Geoghegan chose to stay in southern California after the war. He lived at least part of his last years in a small boarding house in a town on the outskirts of Los Angeles and, ever the observer, wrote about the changes he saw in post-war California as he traveled around the state with a shoe-sundry salesman. James Geoghegan died on July 8, 1953, in Los Angeles, about three months shy of his 84th birthday. His body was brought back to Orcas and he was laid to rest on July 18, 1953.
On June 8, 1918, the country experienced a total eclipse of the sun, a celestial phenomenon that Geoghegan photographed on that day, as he did eclipses in 1923 and 1930. The path of the 1918 eclipse was west to east, clipping part of Washington before moving across the country, making headlines as it passed. Geoghegan pictured himself in one photograph, camera aimed skyward, head covered by the camera drapery.
In many ways that photo epitomizes James Geoghegan's life behind the camera as an observer and chronicler of the lives of his growing children, the community and island he loved, and the universe that inspired him. He lived life to the fullest, never slowing down, giving up, or giving in, and left a collection of photographs that continues to give life to the history of Orcas Island.

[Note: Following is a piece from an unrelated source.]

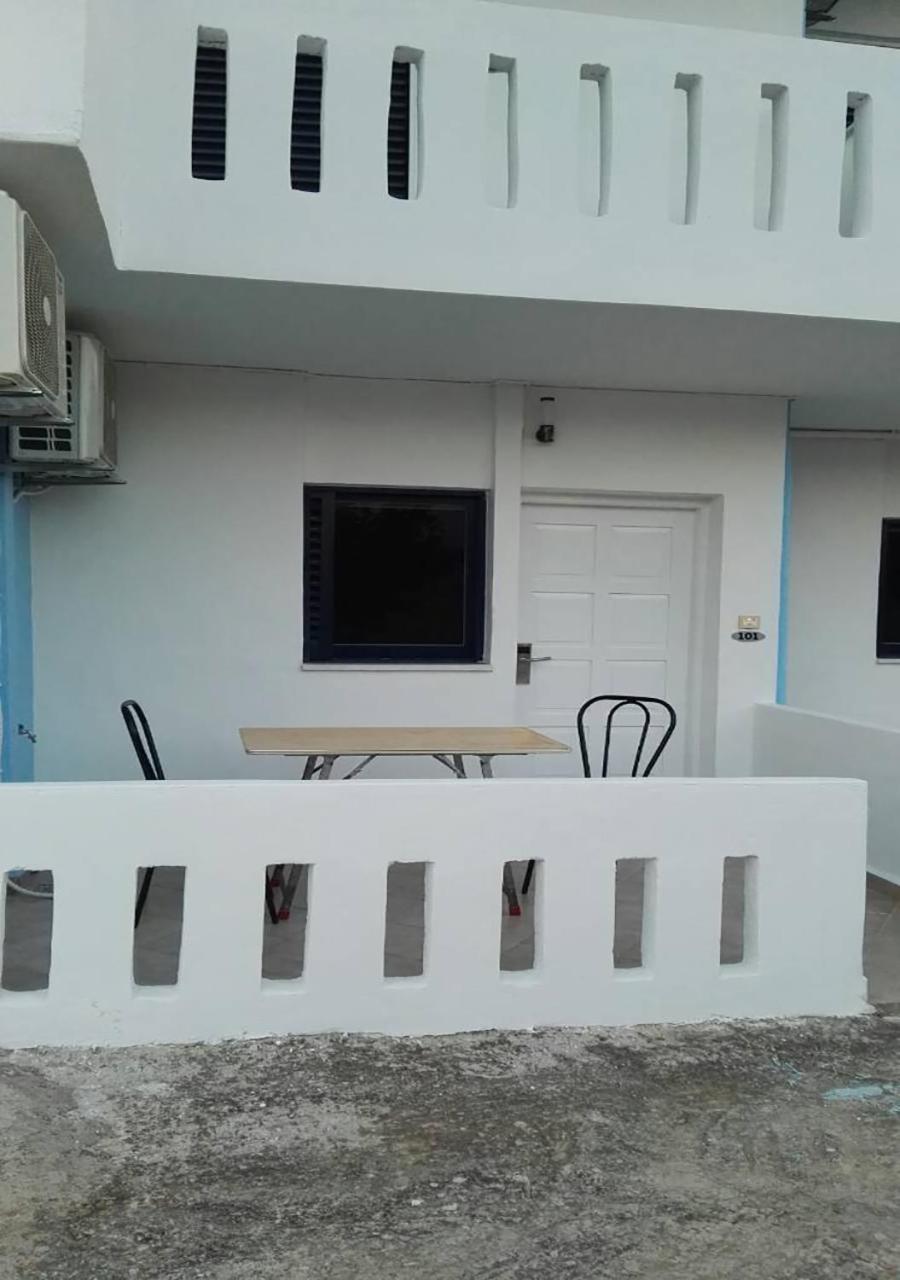 Apartment with Terrace photo 2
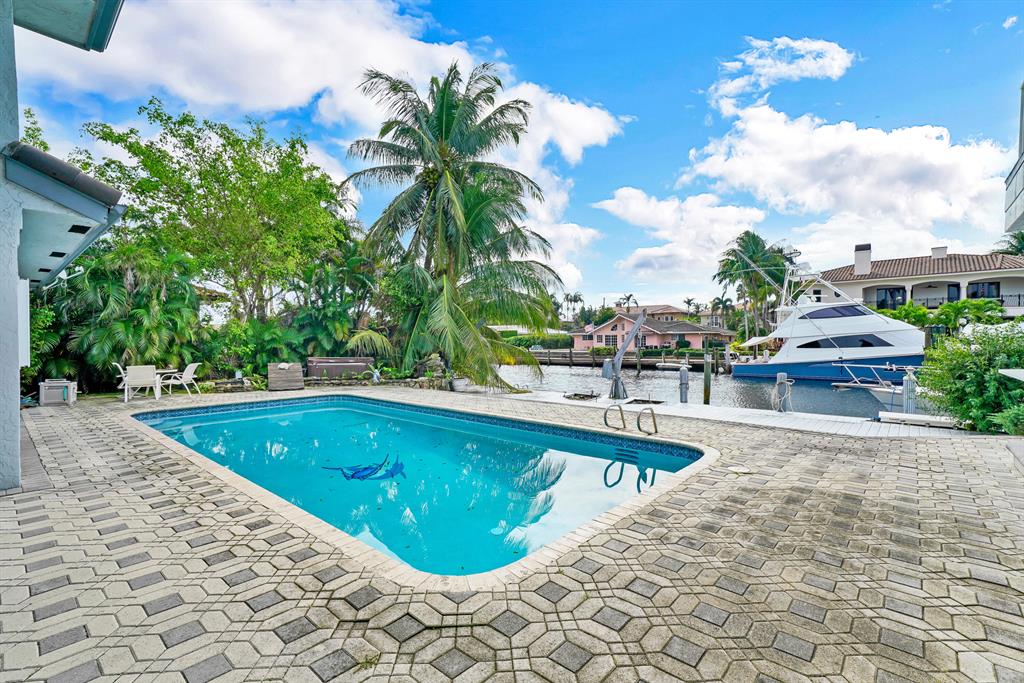 LIGHTHOUSE POINT 6TH SEC - Residential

As a group these photos put meaning and context to life at an earlier moment in our history. In addition individual images serve to allow younger generations of islanders and others with roots on Orcas to visually connect with their family and island heritage.
Geoghegan's photos and detailed documentation have been made available to the public in the digital archive at the Washington Rural Heritage website through a grant from the Washington State Library to the Orcas Island Library. This digital archive allows users to access Jim Geoghegan's photographs in ways he could hardly have imagined.